When she gave birth to her son by virtue of her vow, she experienced a transformative process of liberation. She liberated herself from the natural maternal possessiveness and sense of ownership that every mother has over her son. She also underwent a healthy psychological process of separation to enable her son to achieve the individuality that would enable him to be ready for his mission.

The feminist psychologist Nancy Chodorow (1978) claimed that, while women build their identity through connection, men build their identity through separation, which they need in order to structure their masculinity and healthy intimacy. The Torah says something in this vein when a person is about to get married “therefore a man shall leave his father and mother and cleave to his wife.” Separation between mother and son is necessary for the construction of their relationship. It is well known that many mothers find it hard to allow their sons to separate from them. The result is unhappy sons who have difficulty bonding with their wives and building healthy intimacy. These sons often fail in their careers as well.

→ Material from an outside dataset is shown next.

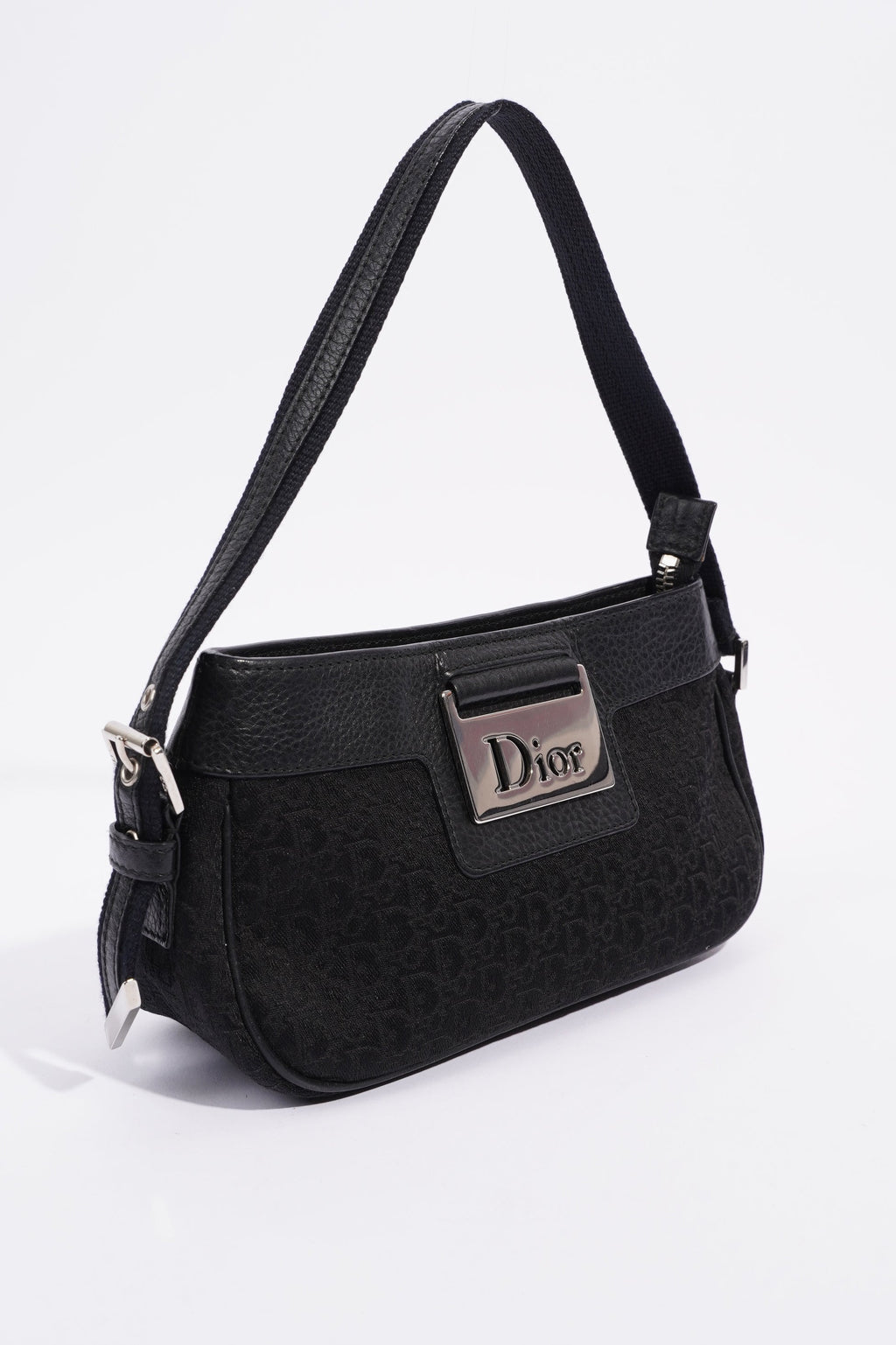 Christian Dior Shoulder Bag Black Jacquard Canvas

Hannah fears that after she gives birth, she will bind Samuel to her. However, she understands that she must liberate him in preparation for a greater mission and for bringing the kingdom to the People of Israel. The coat that she sewed is the epitome and the highest and noblest expression of this liberation. While sewing it, she also frees herself from maternal possessiveness. She sewed a kingdom for her son, since it is Samuel who will enthrone King David and build a kingdom in Israel.

On Rosh Hashanah, we must liberate ourselves in order to connect to the work of God and the work of prayer. We must build a kingdom for ourselves. We must be kings and queens so that we can enthrone ourselves and become part of the great kingdom. This is a long and complex transformative process. It is a special synergy that forms between man who was created in God’s image and God, King of Kings. Reading the haftarah about the story of Hannah who sewed a kingdom helps us understand the concept of mission and kingdom, which is the main mitzvah of Rosh Hashanah in its deep spiritual meaning. 

On Rosh Hashanah, the shofar is sounded in three different ways: Malkuyot (kingdoms), Zichronot (memories), and Shofarot. Kingdoms are not received, they are structured. By means of the coat, Hannah structured Samuel’s process of preparation and maturation for receiving the kingdom.  Today, on the eve of Rosh Hashanah, the whole world is amazed by how 21st-century England continues to build the mental concept of royalty not only as a symbolic entity but as a real entity with the external physical trappings of royal attire, a cloak and a crown.

The world needs kings, coronations and kingdoms. Our collective farewell to Queen Elizabeth II and the coronation of her son King Charles III is a conscious process of building kingdoms in the profound spiritual sense of the word, which is part of today’s Rosh Hashanah mitzvot – building the kingdom of God.  This is the building of a kingdom within the context of democracy and freedom of choice. The citizens of England pay taxes to continue to preserve the monarchy because they need it and the world, which cooperates with what is going on in the palace, also needs it.

When we read the haftara on the first day of Rosh Hashanah, we remember that we all need a spiritual mythological mother, an artistic poet like Samuel’s mother Hannah, who will sew us a coat of vision and royalty and show us our path and our mission in this world towards emancipation and royalty, and will be a source of strength and inspiration for us to worship God out of love. May we all have a wonderful year, a year in which we fulfill our mission to create a better world replete with love and giving. With the blowing of Malkuyot (kingdoms) on the shofar, may we succeed in building a better world with a common cosmic good of baseless love, justice and peace.